5. What do successful people in your market do?

Find a few successful authors in your niche and take the time to analyze their sales model. Do they offer just their writing? Do they offer additional services like signed books or in-person appearances? Do they network with other creators to cross-promote each other’s work? Identifying the actions that lead to success with a certain target audience will reveal more about that audience’s interest and engagement with the kind of writing you are doing.

 

When in Doubt, Ask

A very useful tool in our modern age is direct contact with your potential target audience. Ask people what they like! Use polls, forum posts, social media, and surveys to check in with people. You may have more success in getting replies if you offer incentives to complete them. People love to talk about themselves, and if you frame your work in the context of their interests, you’ll both learn valuable information and be able to make initial contact with your target audience.

If your target audience is an underutilized or unrecognized one, you can still have success. But you will have to work harder to market and to get your content to them.

 

Search Engine Results

If you’re not sure where to start, search engines are your friend. You can just search the type of writing you do, or you can be more specific and search specific terms related to your work.
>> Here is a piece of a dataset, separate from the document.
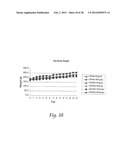 PHARMACEUTICAL COMPOSITIONS CONTAINING FLUORINATED OR PERFLUORINATED     CARBOXYLIC ACIDS diagram and image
What I love about [genre] is…
What I hate about [genre] is…
In [genre] I want to see more…

It’s valuable to frame your content in the context of your audience’s interests. Don’t just think about why you like writing your content. Think about why others might enjoy reading it.

It is also worth searching for common tropes and typical issues in your genre.

 

Getting a Professional Opinion

It can be extremely helpful to have an editor read your manuscript while it is still relatively early to address any structural or overarching issues that might alienate your audience or derail your work. For more on manuscript evaluation, take a look at the post “What is Manuscript Evaluation and Why Do I Need It?

 

Three Things That Will NOT Help You Find Your Target Audience

1. Believing “If I build it, they will come.”
Not true. That’s no guarantee, and in fact, in an age where a constant deluge of information washes over consumers at an alarming rate, unless there’s a way for people to have your content put in front of them, they won’t find it. How often do you get in a car and drive out to the middle of nowhere on the off chance that a shop you might like will have opened in the middle of a field? Not being cognizant of the need to identify and bring your content to your target audience is the same thing.

2. Thinking, “If I send this to [famous person], they’ll feature it and I won’t have to find my audience.”
Nope. In fact, this creates an additional layer of unlikeliness to the process. Even on the very slim chance that the famous person takes the time to consume media from someone they have never heard of, and that person actually likes your work, that doesn’t guarantee that your work will suit THEIR audience. They have no reason to show it to anyone. Even if magically it does fit their tastes and match their audience, it’s unlikely they would advertise for you for free—you’d need to compensate them for your work to be shared.

3. Assuming “I can ignore the need for a target audience, it will work out on its own.”
Not the case. Deferring the issue doesn’t erase it. The earlier you start thinking about this and engaging with your possible audience, the better, since once you connect with your audience and establish yourself as a possible content resource, the more open people will be to consuming and paying for your content.

 

Your Target Audience Is Waiting

With a little bit of time and a little bit of research, you can identify who will be interested in reading your work. This research gives you the best chance of getting your work in front of the eyes of those who would want to engage with it. Identifying your target audience will benefit you both immediately and in the future as you continue to create new content. Find your audience to help them find you—and find and love your work.